From: Philippe Verdy (verdy_p@wanadoo.fr)
Date: Sat Jan 10 2004 - 08:05:19 EST

  • Next message: Clark Cox: "Confusion about composition"

    From: "Deepak Chand Rathore" <deepakr@aztec.soft.net>
    > Hi all,
    >
    > Compiler internal encoding might affect the encoding of the hardcoded
    > literals with in a source file
    > As a result after compilation we might interpret wrong characters.
    > If we have hardcoded only ascii literals with in the program( source file)
    > and left the compiler encoding to it's default;
    > Is there any possibility that after compilation, in the object file
    > produced, encoding of literals get affected.
    > (as far i know almost all compiler's default encoding( default locale C in
    > C++ ) is ascii compatible)
    > this problem, i am refering wrt C++
    > Are there any other issues related to this subject , any useful links

    In C/C++, a char (or wchar_t) variable can also be used as an integer type.
    This means that the compiler is not allowed to compile something else than
    the specified integer constant (or the character constant coded with '\xHH'
    or '\ooo').

    However things are different for character or string constants (including
    symbolic constants like '\n' but excluding occurences of '\xHH' and '\ooo'
    in strings) that are interpreted and compiled into integers using a
    compile-time conversion from the source charset to the run-time charset
    (both of which are not necessarily ASCII-based). Such literals are handled
    as symbolic to represent unspecified integer values.

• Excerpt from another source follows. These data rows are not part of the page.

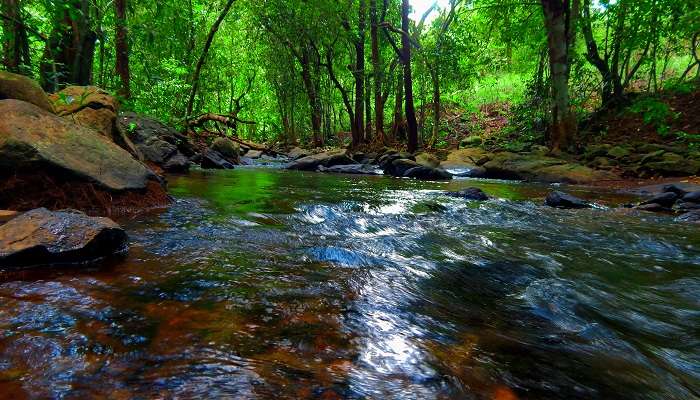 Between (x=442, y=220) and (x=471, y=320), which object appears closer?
(x=471, y=320)

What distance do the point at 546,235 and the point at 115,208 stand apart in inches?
184

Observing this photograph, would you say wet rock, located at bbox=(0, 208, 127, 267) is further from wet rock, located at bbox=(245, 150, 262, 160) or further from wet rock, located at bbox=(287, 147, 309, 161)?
wet rock, located at bbox=(245, 150, 262, 160)

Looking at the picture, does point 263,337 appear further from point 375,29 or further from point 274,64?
point 274,64

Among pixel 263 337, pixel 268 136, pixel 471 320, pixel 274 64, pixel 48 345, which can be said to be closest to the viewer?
pixel 48 345

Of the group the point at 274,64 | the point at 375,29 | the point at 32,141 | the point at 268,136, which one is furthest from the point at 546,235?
the point at 268,136

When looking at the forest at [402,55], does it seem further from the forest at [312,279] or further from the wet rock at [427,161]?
the wet rock at [427,161]

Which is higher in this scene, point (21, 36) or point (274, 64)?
point (274, 64)

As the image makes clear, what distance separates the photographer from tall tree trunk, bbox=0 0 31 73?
18.6 ft

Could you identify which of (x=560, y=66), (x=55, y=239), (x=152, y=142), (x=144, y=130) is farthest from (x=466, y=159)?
(x=55, y=239)

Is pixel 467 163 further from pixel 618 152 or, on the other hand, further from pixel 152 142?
pixel 152 142

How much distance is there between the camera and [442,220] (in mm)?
5234

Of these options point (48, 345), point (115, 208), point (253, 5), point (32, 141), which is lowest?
point (48, 345)

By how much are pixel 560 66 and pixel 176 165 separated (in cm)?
1048

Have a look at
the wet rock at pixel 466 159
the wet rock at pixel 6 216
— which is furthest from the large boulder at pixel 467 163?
the wet rock at pixel 6 216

    If you think you must have exact numeric identity at run-time (independantly
    of the source or run-time charset) for strings, then use constant arrays of
    integer values or strings completely encoded with '\xNN' or '\ooo' instead
    of symbolic literals like "Abcd" or L"ABCD" (i.e. encode them like
    "\x41\x62\x63\x64" or L"\x41\x62\x63\x64").

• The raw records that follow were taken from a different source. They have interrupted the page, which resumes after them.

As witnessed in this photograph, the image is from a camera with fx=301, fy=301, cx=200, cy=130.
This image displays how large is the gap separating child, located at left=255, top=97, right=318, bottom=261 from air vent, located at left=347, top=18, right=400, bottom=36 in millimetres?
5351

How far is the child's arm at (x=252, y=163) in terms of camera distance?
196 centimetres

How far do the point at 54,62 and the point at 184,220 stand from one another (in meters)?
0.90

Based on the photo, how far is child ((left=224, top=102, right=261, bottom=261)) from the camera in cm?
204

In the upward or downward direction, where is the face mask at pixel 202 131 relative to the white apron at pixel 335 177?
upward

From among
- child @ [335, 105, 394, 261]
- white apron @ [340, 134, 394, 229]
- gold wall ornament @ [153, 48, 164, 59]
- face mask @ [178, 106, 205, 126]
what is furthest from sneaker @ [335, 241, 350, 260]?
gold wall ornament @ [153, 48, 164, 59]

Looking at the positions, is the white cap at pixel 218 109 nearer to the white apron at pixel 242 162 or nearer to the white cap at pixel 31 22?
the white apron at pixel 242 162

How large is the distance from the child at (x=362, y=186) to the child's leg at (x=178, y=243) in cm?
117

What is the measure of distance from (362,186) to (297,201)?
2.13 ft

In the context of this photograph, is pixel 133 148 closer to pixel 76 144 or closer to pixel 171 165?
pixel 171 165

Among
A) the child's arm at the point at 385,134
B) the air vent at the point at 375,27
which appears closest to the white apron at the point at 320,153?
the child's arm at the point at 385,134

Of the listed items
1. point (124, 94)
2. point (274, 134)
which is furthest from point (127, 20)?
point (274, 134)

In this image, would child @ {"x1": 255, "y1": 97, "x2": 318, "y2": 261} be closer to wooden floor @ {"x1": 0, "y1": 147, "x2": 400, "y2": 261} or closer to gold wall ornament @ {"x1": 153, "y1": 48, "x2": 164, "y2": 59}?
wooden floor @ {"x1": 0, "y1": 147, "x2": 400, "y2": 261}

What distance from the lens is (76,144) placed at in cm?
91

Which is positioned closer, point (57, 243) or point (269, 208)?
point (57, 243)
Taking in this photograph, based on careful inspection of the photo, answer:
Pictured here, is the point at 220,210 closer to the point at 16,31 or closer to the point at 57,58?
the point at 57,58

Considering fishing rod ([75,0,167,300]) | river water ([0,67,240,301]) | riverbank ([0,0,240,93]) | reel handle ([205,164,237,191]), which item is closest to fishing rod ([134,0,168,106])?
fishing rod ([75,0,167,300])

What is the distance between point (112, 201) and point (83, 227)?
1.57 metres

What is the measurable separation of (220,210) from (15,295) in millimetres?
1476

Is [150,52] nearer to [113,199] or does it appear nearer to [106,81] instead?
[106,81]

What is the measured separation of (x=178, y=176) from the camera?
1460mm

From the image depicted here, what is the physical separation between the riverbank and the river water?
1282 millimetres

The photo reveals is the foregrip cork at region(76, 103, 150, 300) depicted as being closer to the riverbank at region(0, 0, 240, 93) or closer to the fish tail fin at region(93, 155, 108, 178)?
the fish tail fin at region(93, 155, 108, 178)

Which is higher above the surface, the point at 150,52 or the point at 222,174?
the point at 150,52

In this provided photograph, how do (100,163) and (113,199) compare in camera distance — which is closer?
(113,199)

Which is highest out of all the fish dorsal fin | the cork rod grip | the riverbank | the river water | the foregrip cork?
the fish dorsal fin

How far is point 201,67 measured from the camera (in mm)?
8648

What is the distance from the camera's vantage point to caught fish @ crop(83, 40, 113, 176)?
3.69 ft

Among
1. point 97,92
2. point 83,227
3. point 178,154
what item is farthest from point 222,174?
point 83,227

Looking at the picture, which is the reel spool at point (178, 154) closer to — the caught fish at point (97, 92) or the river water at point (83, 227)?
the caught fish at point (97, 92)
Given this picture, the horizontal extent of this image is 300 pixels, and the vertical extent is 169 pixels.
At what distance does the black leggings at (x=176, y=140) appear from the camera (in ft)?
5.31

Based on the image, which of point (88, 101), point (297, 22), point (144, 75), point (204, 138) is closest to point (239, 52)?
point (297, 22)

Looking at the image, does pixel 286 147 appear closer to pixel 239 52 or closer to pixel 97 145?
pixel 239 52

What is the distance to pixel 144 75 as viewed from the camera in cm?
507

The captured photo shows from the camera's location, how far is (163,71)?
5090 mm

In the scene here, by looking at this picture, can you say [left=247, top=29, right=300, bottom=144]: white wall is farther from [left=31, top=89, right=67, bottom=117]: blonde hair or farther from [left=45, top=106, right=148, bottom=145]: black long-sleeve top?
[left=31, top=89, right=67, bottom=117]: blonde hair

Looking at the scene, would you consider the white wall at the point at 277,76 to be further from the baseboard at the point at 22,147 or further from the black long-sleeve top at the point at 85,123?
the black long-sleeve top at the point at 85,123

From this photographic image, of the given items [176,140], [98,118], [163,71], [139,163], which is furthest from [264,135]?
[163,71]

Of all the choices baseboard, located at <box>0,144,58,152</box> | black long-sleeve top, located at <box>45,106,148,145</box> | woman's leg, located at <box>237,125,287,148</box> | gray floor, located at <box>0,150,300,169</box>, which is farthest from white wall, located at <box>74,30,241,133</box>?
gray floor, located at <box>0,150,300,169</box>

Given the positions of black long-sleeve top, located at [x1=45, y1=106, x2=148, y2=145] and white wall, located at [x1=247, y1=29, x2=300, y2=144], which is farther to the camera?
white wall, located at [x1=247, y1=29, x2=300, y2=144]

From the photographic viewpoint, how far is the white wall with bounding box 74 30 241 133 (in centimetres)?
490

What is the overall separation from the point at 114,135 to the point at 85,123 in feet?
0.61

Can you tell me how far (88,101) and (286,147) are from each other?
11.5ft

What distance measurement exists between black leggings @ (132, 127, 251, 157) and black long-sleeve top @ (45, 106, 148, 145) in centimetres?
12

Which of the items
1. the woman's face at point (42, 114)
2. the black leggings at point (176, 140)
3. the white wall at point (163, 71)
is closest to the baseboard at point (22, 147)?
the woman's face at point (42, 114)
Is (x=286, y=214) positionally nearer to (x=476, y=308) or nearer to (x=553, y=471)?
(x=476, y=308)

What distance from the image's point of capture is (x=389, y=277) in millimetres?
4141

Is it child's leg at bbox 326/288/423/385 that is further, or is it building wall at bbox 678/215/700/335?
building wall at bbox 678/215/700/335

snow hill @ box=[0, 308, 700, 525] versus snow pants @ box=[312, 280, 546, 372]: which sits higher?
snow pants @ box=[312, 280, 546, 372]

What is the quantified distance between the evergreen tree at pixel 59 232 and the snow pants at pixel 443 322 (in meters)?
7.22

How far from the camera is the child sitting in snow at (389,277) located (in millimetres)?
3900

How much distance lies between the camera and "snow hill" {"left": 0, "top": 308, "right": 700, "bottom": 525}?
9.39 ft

    Note that the '\uHHHH' or L'\UHHHHHH' notations uses a compile-time
    conversion from the Unicode charset to the run-time charset. So there's no
    guarantee that the following source-code assertions will be TRUE:
        * ('\u0041' == 0x41) may be false
            if the runtime charset (as specified or infered at compile-time) is
    EBCDIC for example;
        * (L'\U00000041' == 0x41) may be false
            also for the same reason.

    Note that a C/C++ compiler may support the '\uHHHH' or '\UHHHH' symbolic
    notations but may refuse to compile it because there's a conversion error
    (missing mapping) from Unicode to the runtime charset. This case happens for
    example on Windows when not compiling for UNICODE, with the symbolic
    literals '\u0080' or L'\U00000080' which unambiguously designate the first
    C1 control character by its Unicode hexadecimal code point, but which does
    not exist in the runtime ANSI or OEM charset (the runtime charset being
    selected by a compiler option or by some compiler-specific pragmas.). So the
    following may be FALSE:
        * ('\u0041' == '\x41') may be false
            if the runtime charset (as specified or infered at compile-time) is
    EBCDIC for example;
        * (L'\U00000041' == 'x41') may be false
            also for the same reason;

    And the following source-code assertions may be FALSE depending on compiler
    capabilities and compilation options or pragmas (there's no consideration
    here about the source or runtime charsets):
        * ('\xFF' == 0xFF) and ('\377' == 0377) may be false
            if the default char datatype is signed;
        * ('\xFF' == -1) and ('\377' == -1) may be false
            if the default char datatype is unsigned AND has no more than 8
    bits.
        * (L'\xFF' == 0xFF) and (L'\377' == 0377) may be false
            if the default wchar_t datatype is signed AND has no more than 8
    bits only;
        * (L'\xFF' == -1) and (L'\377' == -1) may be false
            if the default wchar_t datatype is unsigned.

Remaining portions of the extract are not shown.